New DWP Generators Have Opponents Seeing Brown

Staff Reporter

Just as Los Angeles is coming off its worst smog season in six years, the Los Angeles Department of Water and Power plans to fire up two new natural gas generators this April that will spew out tons of nitrous oxide.

The units at the DWP's Valley Generating Station in Sun Valley will replace 1950s-era models that have remained idle for a decade. They can produce up to 580 megawatts of needed electricity and will be far cleaner than the older generators.

Even so, a coalition of environmental groups is citing the plant in accusing the DWP of dragging its feet in developing non-polluting, renewable sources of energy. The new power generators are part of a plan approved by the City Council three years ago to refurbish several DWP power plants within the basin at a projected cost of nearly $2 billion.

"The region is sliding in its progress to clean air, and the left foot is waiting for the right foot to go forward," said Martin Schlageter, a staff member of the Coalition for Clean Air, which advocates alternatives such as wind farms for the L.A. basin. "Even these cleaner natural gas plants don't compare with the renewable option."
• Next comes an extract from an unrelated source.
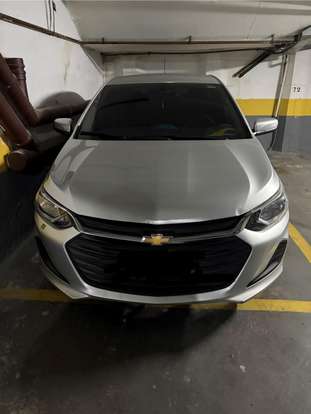 CHEVROLET-ONIX-1.0 FLEX PLUS LT MANUAL CHEVROLET-ONIX-2020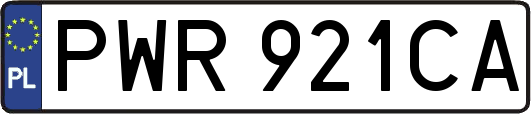 PWR921CA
The coalition, which includes the Union of Concerned Scientists and the California Public Interest Research Group, issued a report projecting pollution emissions at the plant could increase 1,400 percent over 1995 levels, given plans by the DWP to rely on it for everyday generation.

Other plants refurbished

The Sun Valley plant is not the environmental activists' only concern.

Under a 2002 state law, California's investor-owned utilities are being required to draw 20 percent of their power from non-polluting, renewable sources by 2017. The DWP was partially exempted from the requirement and critics have suggested that the department is not moving fast enough.

Southern California Edison drew 23 percent of its power this past summer from solar, wind farms and other such sources leading the nation while DWP drew less than 3 percent from those sources.

"DWP definitely has been slow, but it has sufficient resources unlike other smaller municipals to get up to speed, " said City Councilman Tony Cardenas, who represents Sun Valley and chairs the council's Commerce, Energy and Natural Resources Committee, which oversees the DWP.

Ironically, the utility's moves to refurbish natural gas-fired plants within Los Angeles will help clean up the air outside Los Angeles by lowering its reliance on higher-polluting coal-fired plants outside of the L.A. basin.

Currently, the DWP gets as much as 50 percent of its power from coal and 13 percent from nuclear plants. It also gets 10 percent from large hydroelectric, which is considered harmful to the environment given its impact on fish and other natural resources.

The DWP also claims that new gas turbines and pollution controls installed at its local power plants have radically reduced its emissions of nitrous oxide and other pollutants in the basin by 90 percent since 1989.

Much of these reductions have been prompted by the South Coast Air Quality Management District, which allows large pollution sources such as power plants to operate but requires them to gradually reduce emissions through a program in which polluters can buy and sell credits.

The same law that requires investor-owned utilities to move toward 20 percent renewable sources also mandates municipal utilities to develop their own similar plans, though it sets no firm targets given what is seen as the utilities' generally more limited financial resources.

Henry Martinez, chief operating officer for DWP's power system, defended the utility's progress, noting the massive size of the system, which serves 3.8 million residents.

"There are a lot of financial implications in this sort of decision," he said. He added that a rate cap in place since 1997 makes it difficult to move toward more expensive solar, wind and other sources, and that the DWP is not eligible for tax credits for energy alternatives being offered to investor-owned utilities.

Still, clean air advocates say that last year's smog season, during which there were smog alerts for the first time since 1997, shows that the utility must move faster.

Cardenas, a former legislator who voted for the bill that created the renewable energy mandate, said that if the DWP were to provide a workable plan he might consider allowing the utility to raise rates. But if it appears to be dragging its feet, he said he might seek new legislation that would force its hand.

Last year, the council's commerce committee, then headed by former Councilwoman Ruth Galanter, asked the chief legislative analyst's office to work with the DWP in developing a renewable energy plan, including targets and dates. That plan, whose release has been repeatedly delayed, is nearing completion, perhaps as soon as this week.